The UK’s Royal Mail is expanding its use of low-emission vehicles with the addition of 29 gas-powered trucks, fueled by bio-compressed natural gas (bio-CNG), to its fleet. During the coming weeks, the trucks will be introduced to the company’s fleet in the northwest of England, joining the two that are already in operation.
At 40 tons, the gas-powered trucks are a similar size to typical Royal Mail heavy goods vehicles (HGV) and can be used on most roads and highways, with a range of 643km.
The new trucks will operate from Royal Mail’s Warrington, Chorley and Preston sites, which have refueling facilities nearby.
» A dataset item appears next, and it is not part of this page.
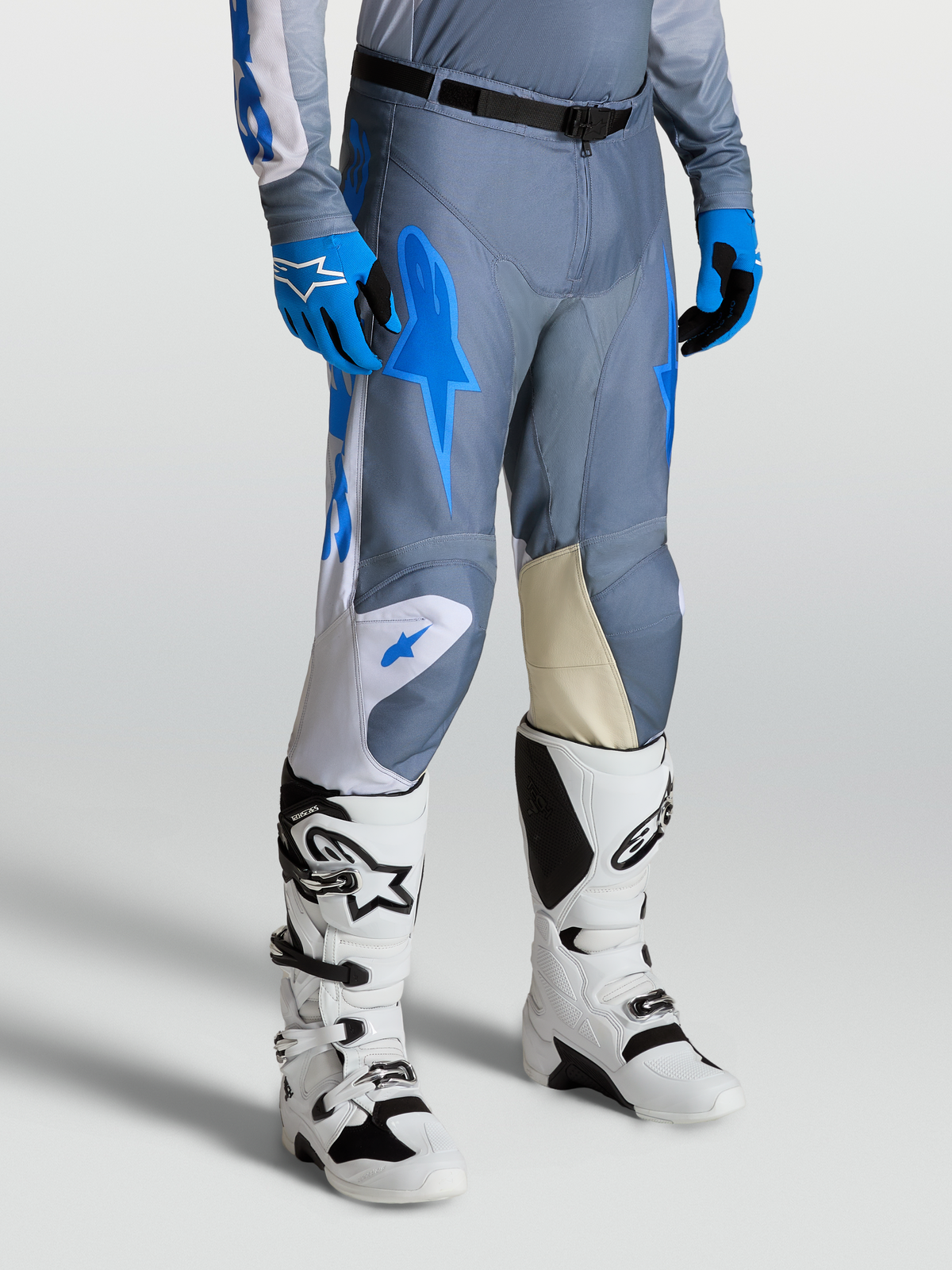 Alpinestars Racer Amber Hose, Motocrosshose für Herren, Grau und Blau, mit Knieeinsätzen aus Ziegenleder und weißen Techstar Stiefeln.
The organization is banking on bio-CNG refueling facilities being expanded to other locations across the UK in the coming years.
Gas-powered vehicles were originally tested by Royal Mail in 2017. Following a successful trial, two trucks were introduced to the fleet on a permanent basis in 2019-20. It is estimated that these two trucks alone have saved the company approximately 107 tons of CO2 e annually.
Royal Mail claims that the use of bio-CNG in a vehicle can reduce CO2 emissions by around 84% compared with an average diesel vehicle, while also offering a 99% reduction in particulate matter compared with their diesel equivalents.
James Baker, chief engineer and fleet director at Royal Mail, commented, “We are committed to making changes to our operations that reduce our environmental impact. Bio-CNG is a significantly more cost-effective and lower-carbon alternative fuel to diesel for heavy goods vehicles. These vehicles enable us to deliver large payloads of parcels in the most environmentally friendly way possible.”